Iglisson é caminhoneiro e, nas redes sociais, declara trabalhar com o transporte de gado. Ele, porém, já foi ligado à indústria madeireira – conforme registros da Justiça, que aponta que em 2015 ele moveu ação trabalhista contra a O. Miranda da Rocha Comércio de Móveis LTDA, sendo indenização em R$ 45 mil, conforme sentença do mesmo ano. O motivo da ação não consta no processo.
O Brasil de Fato tentou contato com Iglisson Fraitag França e com as quatro empresas citadas no texto, mas, até a publicação desta reportagem, não teve retorno.
Balanço de Davos
A crise ambiental foi tema central nos cinco dias de Fórum Econômico Mundial. Com a ausência do presidente brasileiro, Jair Bolsonaro, e do ministro do Meio Ambiente, Ricardo Salles, Paulo Guedes foi o responsável por explicar ao mundo como o governo brasileiro vem tratando a questão.

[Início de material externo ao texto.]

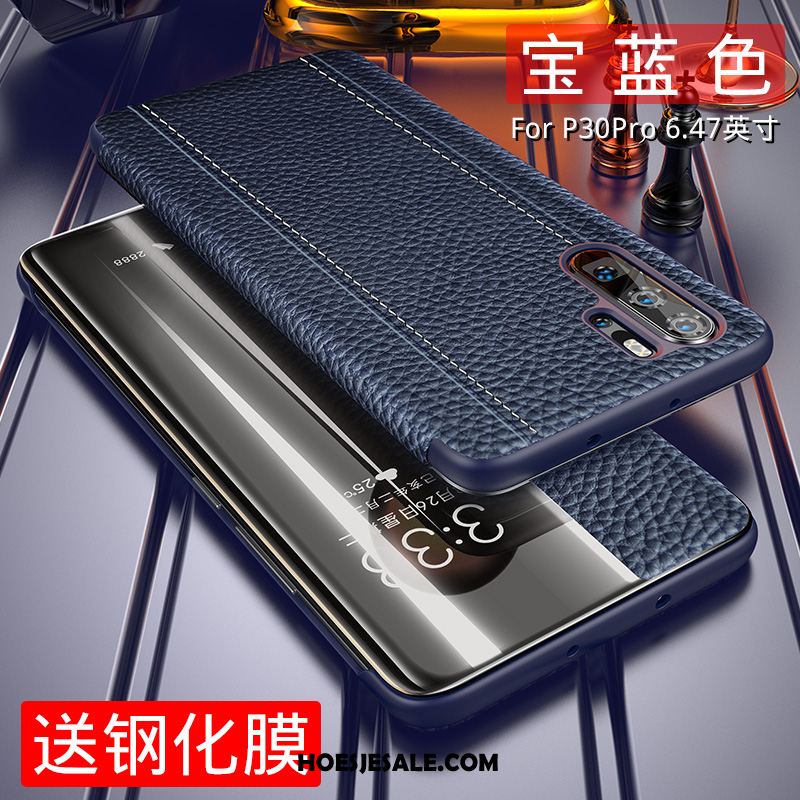 Huawei P30 Pro Hoesje High End Blauw Koe Hard Mobiele Telefoon Kopen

Assim como o presidente faz recorrentemente, o ministro também tentou minimizar a crise ambiental no Brasil, afirmando que o país tem outras urgências. Mesmo assim, para amenizar a relação com investidores e países parceiros, prometeu reabrir o Centro de Biotecnologia da Amazônia, no mesmo dia em que Bolsonaro anunciou a criação do Conselho da Amazônia.
O ministro brasileiro foi criticado por Al Gore, ex-vice-presidente estadunidense e um dos expoentes da causa ambiental, por sua fala sobre a pobreza. Segundo o estadunidense, dizer para as pessoas que desmatar a Amazônia resolve o problema da pobreza é criar falsas esperanças.

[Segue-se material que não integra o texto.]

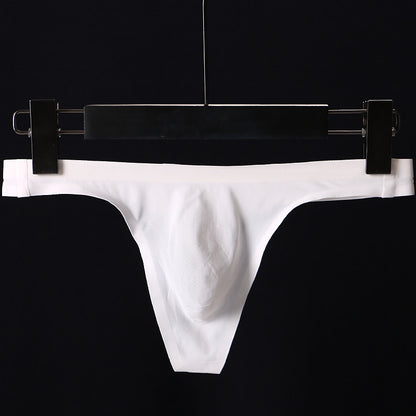 Fashion New Men's Low Waist Ice Silk T-back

“Hoje é amplamente entendido que o solo na Amazônia é pobre. Dizer às pessoas no Brasil que elas vão chegar à Amazônia, cortar tudo e começar a plantar, e que terão colheitas por muitos anos, isso é dar falsa esperança a elas”, afirmou o ex-vice-presidente.
Embora tenha discordado de Guedes, Gore reconheceu a soberania brasileira. “Os brasileiros sempre falam isso, que não é para pessoas de outras nações do mundo comentarem a questão amazônica. E isso deve ser respeitado”.
O governo brasileiro também foi alvo de crítica do presidente do Banco Itaú Unibanco, Candido Bracher. À Folha de S. Paulo, ele afirmou que o Brasil é visto como mau exemplo no meio ambiente pelos estrangeiros.
"É muito difícil formar um juízo sobre o que acontece no meio ambiente, porque há muita informação desencontrada. Mas, do ponto de vista de comunicação, estamos muito mal. Em qualquer fórum aqui na Europa, o Brasil é visto como um mau exemplo de proteção ambiental", disse ao jornal.